Ici tout l’honneur de l'initiative revient à un particulier : Pierre-Paul Riquet, originaire de Béziers, n’entendant ni grec ni latin, dit un contemporain, à peine sachant parler français, et qui ne peut s’expliquer sans bégayer. Mais la nature l’avait fait géomètre et ingénieur, et il osa reprendre à lui seul un projet où avaient échoué tous ses devanciers.

En effet, l’idée d’unir l’Océan et la Méditerranée n’était pas nouvelle : on l’avait eue dès l’époque de Charlemagne, on l’avait discutée sous François Ier en 1589, Pierre Reneau en avait ébauché la réalisation. Aux états généraux de 1614, les députés du Languedoc avaient demandé la reprise du projet de Reneau ; il s’était présenté des chercheurs hardis, comme Bernard Aribalen 1617 ; mais toutes les tentatives étaient restées sans résultat.

Dès 1650, Riquet commence ses recherches. Pendant douze ans, il transforme ses jardins en chantiers d’essai. Il y multiplie en miniature les rigoles, les épanchoirs, les montagnes percées, les viaducs, corrigeant toujours quelque chose, et toujours mécontent[3]. Enfin il croit avoir trouvé ; il obtient une audience de Colbert, lui expose ses vues ; le grand ministre les trouve admirables ; mais il ne peut contribuer comme il le voudrait à leur exécution ; il faut se souvenir qu’il était occupé à réformer les finances et à faire rendre gorge aux partisans. Peu importe : l’ingénieur risquera noblement sa fortune ; et d’ailleurs Colbert, par un artifice innocent, saura lui trouver des bailleurs de fonds.

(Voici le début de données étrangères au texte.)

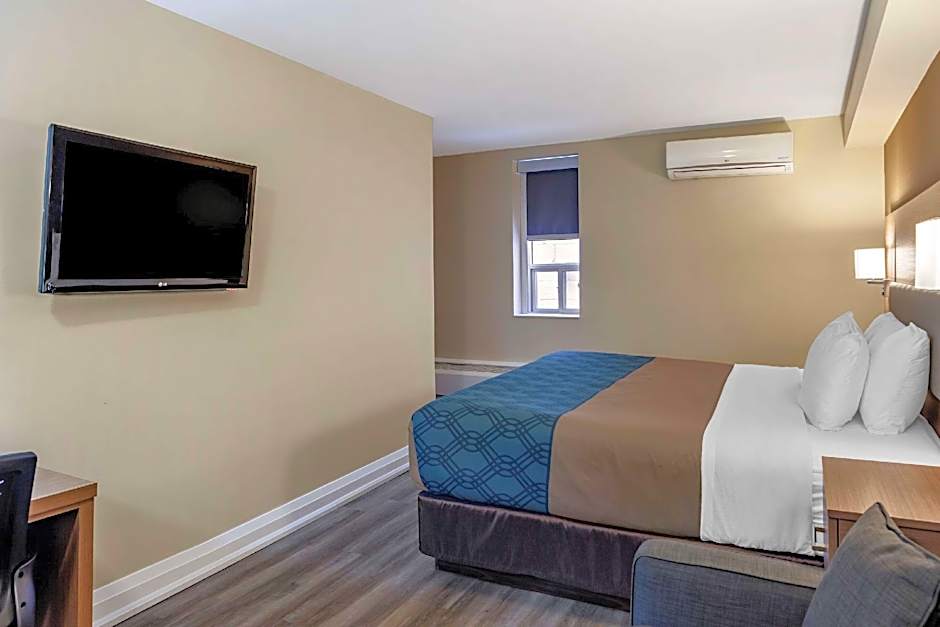 Econo Lodge Inn & Suites Downtown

Il accorda à Riquet d’assister silencieusement dans un coin de son cabinet à plusieurs conférences qu’il eut en ce moment avec les plus riches financiers du temps. Ceux-ci présument aussitôt que cet homme noir et austère jouit de la haute faveur et des confidences d’un ministre qu’il fallait apprivoiser. Ils lui offrent une première fois 200.000 livres, et comme Riquet montrait une incorruptibilité superbe, ils allèrent jusqu’à 500.000 ; Riquet alors accepta, mais à titre de prêt, et Colbert s’amusa beaucoup de l’aventure.

Enfin les travaux commencèrent en 1687. L’argent nécessaire fut demandé un peu à tout le monde, aux riverains les plus intéressés, aux états provinciaux, mais surtout au trésor royal, qui paya le prix des expropriations. Colbert laissa sans doute la haute direction de l’entreprise à Riquet, mais tout en sauvegardant les droits de l’Etat et en lui adjoignant comme collaborateur le chevalier de Clerville, rival malheureux de Vauban.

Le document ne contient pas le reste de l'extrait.